Did the song Hardwired come together pretty fast?
James: “Yes, that was the one where at the end [of the process] we stood back - which is tough to do sometimes after sporadically writing a record over two years - and said, ‘Oh wait a minute. We need to open this with something really in your face-style, so it was really easy and quick. And it was like, ‘We’ve got to do more of this stuff.’”
Here Comes Revenge is reminiscent of The Black Album-era sound. Was that a subconscious thing?
James: “I don’t think it was either overt or covert really. We sat there and were thinking, alright, Death Magnetic… what do we do after that? My take usually is shorter, more muscly songs and Lars claims a more organic approach [chuckles] where there’s no limit and you just keep writing. So between the two we get a little of both.
“I wanted Kill 'Em All simplicity and I also wanted a little more production than Death Magnetic with the kind of misty layering and colourations of The Black Album. So there’s a little bit in there at times, and then there’s some really, really simple stuff.”

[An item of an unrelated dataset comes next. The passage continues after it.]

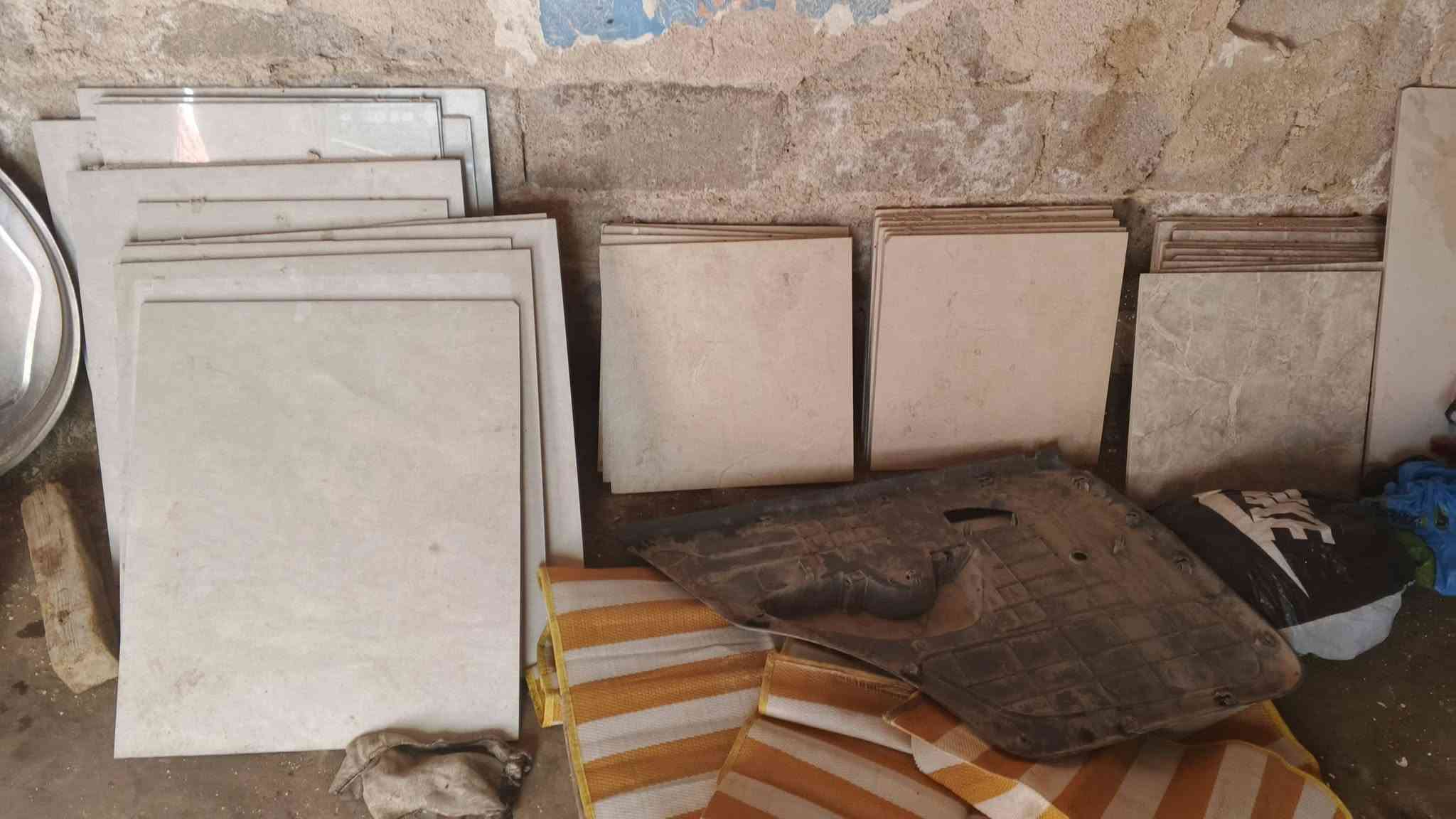 السلام عليكم غراض بيت للبيع فوري شلع بصره تنومه شارع واحد قرب الجسر الصفير التوصل وتساب ***********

Kirk Hammett: “I love that groove, I love the swing and the bounciness. For me the best rhythms to solo against are the rhythms that have a swing to them. As a guitar player I’m all about it - bring on the groove, bring on the swing. It just makes my job so much easier rather than soloing over a 5/8 time change and three chord changes within one bar. There’s a certain beauty to that, a type of art that’s being represented by that thinking.”
Dream No More even has a little pause before your solo that’s reminiscent of Sad But True…

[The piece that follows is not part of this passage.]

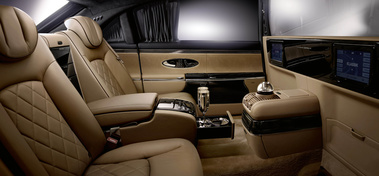 Maybach 62S Zeppelin marron/beige intérieur 2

Kirk: “Yes, it’s interesting that you say that because both those songs are in D tuning; maybe it’s something about being in D tuning that makes me play that way. But all this stuff, it just came out. It wasn’t really planned or anything, and I love that aspect of it.
The song Am I Savage sees a lot more of your blues influence come through tonally, too…
Kirk: “I’ve got this one guitar… its name is Greeny [Peter Green's 1959 Les Paul, which Kirk discusses at length in a previous interview]. I only have a couple of guitars that have actual names and one of them is The Mummy [KH-2] and one of them is Greeny. And when I have that guitar in my hands, there are certain licks that just want to come out. And for that solo, I don’t know if I played Greeny or not, but most likely had Greeny in my hands for warming up or was using it to play a solo and switched guitars, I’m not sure.
“But Greeny has a way of wanting me to play Peter Green and Gary Moore licks. It’s just one of those things. And the blues, the blues thing has always been with me since the very beginning, but I got really, really heavily into it in the 90s. But it’s really an example of how much of an effect that guitar has on me.”
What was your mindset when you went in to track the solos?
Kirk: “My guitar solos I’m still a little bewildered about. It was something I hadn’t done for a long, long time, to just go in there and play right off the top of my head - straight from the hip. There was very, very little that was worked out [beforehand], maybe eight per cent of the guitar solos were worked out on this album. If that. That’s a high percentage call!
“I basically went in there and the only pre-planning I did was figuring out what key it was in and what would be the best scale to play. Maybe I could play a few arpeggios over this chord sequence. And that was it. I would just go in there and just go for it.
“Whether it was totally aggro and angry or melodic, soulful and mellow I just went for it. I had no idea what the outcome would be like with this approach but as I listen to the album as a whole, I’m really pleased with my lead guitar playing because for once it sounds unpredictable to me.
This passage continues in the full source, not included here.